Sekarang, di salah satu ruangan kosong yang ada di istana cabang itu, Erzsebet sedang mendengarkan Marusia yang membaca sebuah buku sastra Hungaria dengan suara lantang. Sesekali, Marusia mengalami kendala, namun dengan cepat menemukan di mana letak kekeliruannya dan segera mengoreksi cara bacanya sendiri.

"Semangat yang luar biasa!" puji Erzsebet seraya merebut buku yang ada di tangan Marusia, kemudian meletakkannya di meja yang ada di sudut ruangan.

Erzsebet meraih sebuah gulungan kain besar yang ada di dekat jendela, lantas membentangkannya di lantai hingga hampir terlihat seperti karpet baru bagi ruangan itu.
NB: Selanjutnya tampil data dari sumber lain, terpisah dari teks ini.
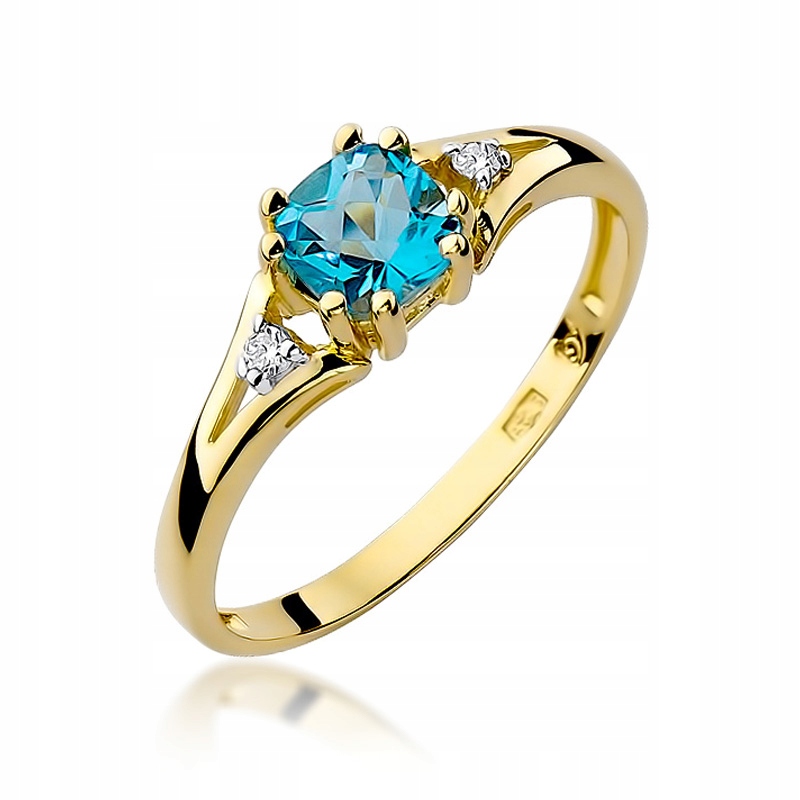 

Złoty Pierścionek Zaręczynowy 585 Topaz 0,70 ct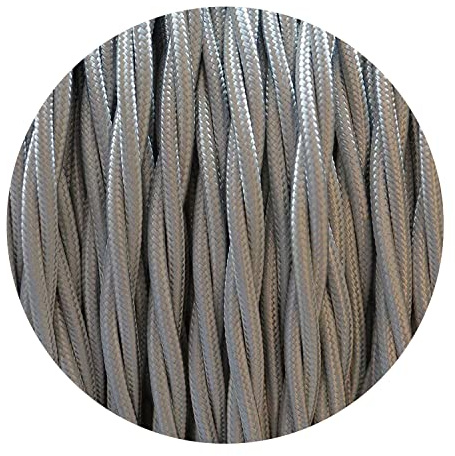 LEDSone 5M 3 Core Grey Fabric Braided Cable, Electrical Wire for Lighting | Vintage Cloth Covered Electrical Wire 18AWG with copper wire for pendant lights, lamps, chandeliers and DIY lighting use.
Gulungan itu bukan sembarang gulungan, melainkan sebuah peta yang digambar dengan cukup baik oleh tangan orang-orang yang ahli. Pewarna kainnya pun jelas merupakan pewarna terbaik yang bisa didapatkan di Hungaria.

"Viorica adalah salah satu orang yang mengetahui tentang keberadaan peta besar ini, dan dia telah berbaik hati membawakannya untuk kita," ujar Erzsebet. "Tugasmu sekarang adalah membaca tulisan yang ada di setiap wilayah, dan mengingat semuanya dengan baik. Aku tidak akan memintamu menghafalnya dalam satu kali mencoba, Marusia, karena itu tidak mungkin. Aku hanya ingin kau membaca dan mengamati peta ini berulang-ulang, sampai akhirnya kau akan mengingatnya tanpa menyadari prosesnya. Kau mengerti maksudku?"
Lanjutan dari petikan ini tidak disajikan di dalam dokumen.